:: Input records

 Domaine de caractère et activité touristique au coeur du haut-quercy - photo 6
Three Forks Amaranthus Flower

::::
:: Input records

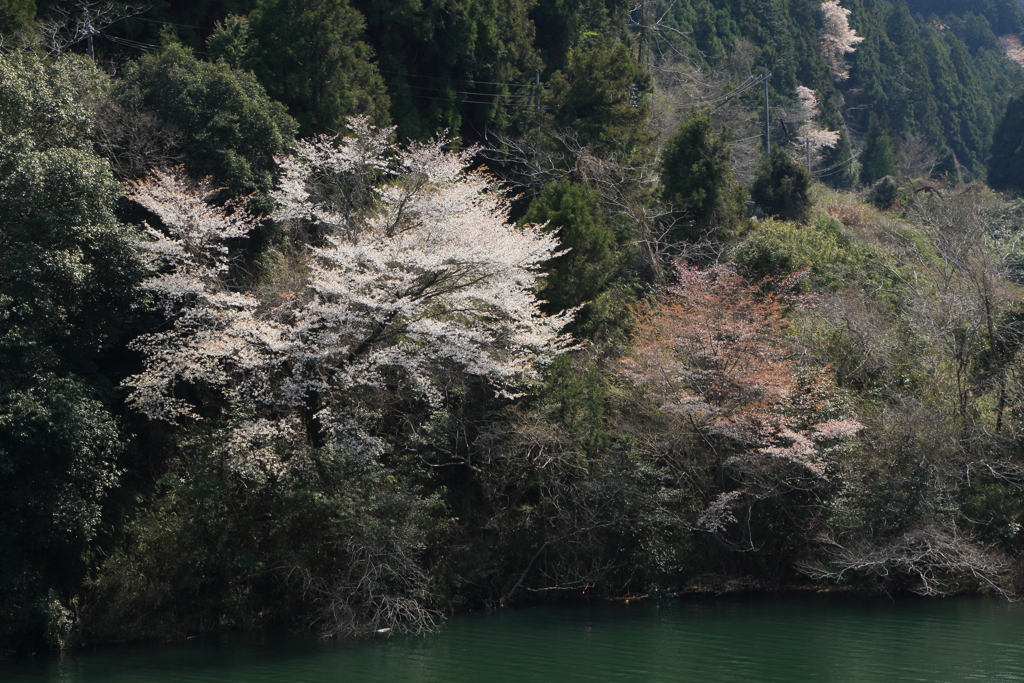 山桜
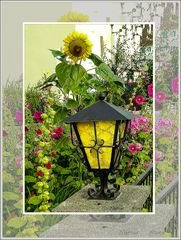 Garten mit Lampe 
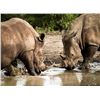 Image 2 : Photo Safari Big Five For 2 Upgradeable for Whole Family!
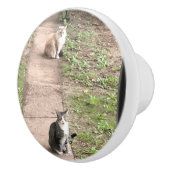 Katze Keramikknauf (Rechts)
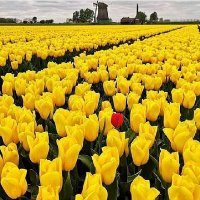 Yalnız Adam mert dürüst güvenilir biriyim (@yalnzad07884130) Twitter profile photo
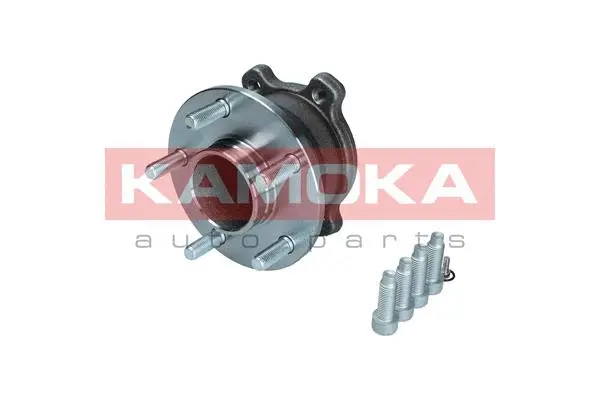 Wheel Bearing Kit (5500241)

::::

### Exercise description
In the listing above, find the line with "Image 2 : Photo" and the line with "Wheel Bearing Kit (5500241)". Set down both and every line between them, minus the pictures.

### Response below
 Image 2 : Photo Safari Big Five For 2 Upgradeable for Whole Family!
 Katze Keramikknauf (Rechts)
 Yalnız Adam mert dürüst güvenilir biriyim (@yalnzad07884130) Twitter profile photo
 Wheel Bearing Kit (5500241)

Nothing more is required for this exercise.